Inoltre, «è luogo comune pensare che lo stress lavorativo sia appannaggio solamente delle persone fragili e indifese: il fenomeno colpisce inevitabilmente anche quelle categorie di lavoratori che almeno nell’immaginario collettivo ne sarebbero esenti, ci riferiamo in modo particolare alle cosiddette “professioni di aiuto”, dove gli operatori sono costantemente esposti a situazioni stressogene alle quali ognuno di loro reagisce in base al ruolo ricoperto e alle specificità del gruppo di appartenenza, spesso come in Emilia Romagna in condizioni di lavoro difficili aggravate dall’endemica carenza di Agenti», ha aggiunto Francesco Campobasso, segretario nazionale SAPPE per l’Emilia Romagna. 

«Il riferimento è, ad esempio, a tutti coloro che nell’ambito dell’Amministrazione di appartenenza spesso si ritrovano soli con i loro vissuti, demotivati e sottoposti ad innumerevoli rischi e ad occuparsi di vari stati di disagio familiare, di problemi sociali di infanzia maltrattata ovvero tutto quel mondo della marginalità che ha bisogno, soprattutto, di un aiuto immediato sulla strada per sopravvivere», sottolinea ancora Capece.
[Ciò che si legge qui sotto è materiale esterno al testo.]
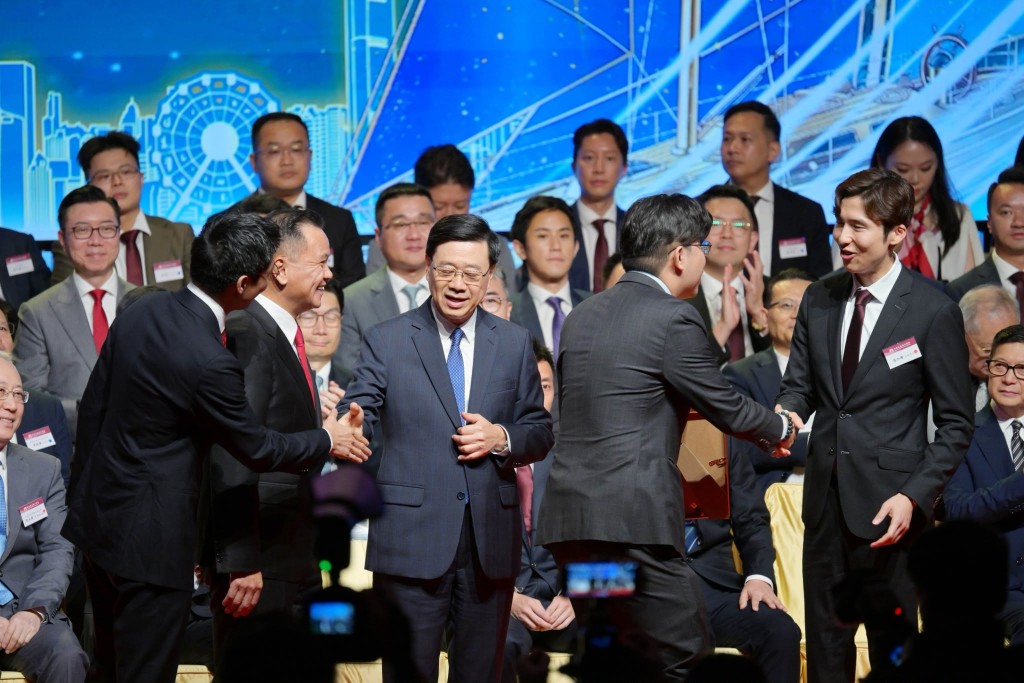 行政長官李家超(左三)在香港政協青年聯會創會會長蔡加讚(右一)、港區省級政協委員聯誼會主席蘇清棟(左二)和會長霍啟山(左一)的陪同下,頒發榮譽主席委任狀予第六屆執委會主席沈慧林(右二)。 行政長官李家超(左三)在香港政協青年聯會創會會長蔡加讚(右一)、港區省級政協委員聯誼會主席蘇清棟(左二)和會長霍啟山(左一)的陪同下,頒發榮譽主席委任狀予第六屆執委會主席沈慧林(右二)。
«Il Ministero della Giustizia e il Dipartimento dell’Amministrazione Penitenziaria non può continuare a tergiversare su questa drammatica realtà», concludono i sindacalisti. 

«Servono soluzioni concrete per il contrasto del disagio lavorativo del Personale di Polizia Penitenziaria. Come anche hanno evidenziato autorevoli esperti del settore, è necessario strutturare un’apposita direzione medica della Polizia Penitenziaria, composta da medici e da psicologi impegnati a tutelare e promuovere la salute di tutti i dipendenti dell’Amministrazione Penitenziaria. Non si perde altro prezioso tempo nel non mettere in atto immediate strategie di contrasto del disagio che vivono gli appartenenti al Corpo di Polizia Penitenziaria è irresponsabile. Vorrei fare un appello al Ministro Bonafede: non c’è più tempo da perdere su questa grave, importante ma ancora troppo trascurata criticità!».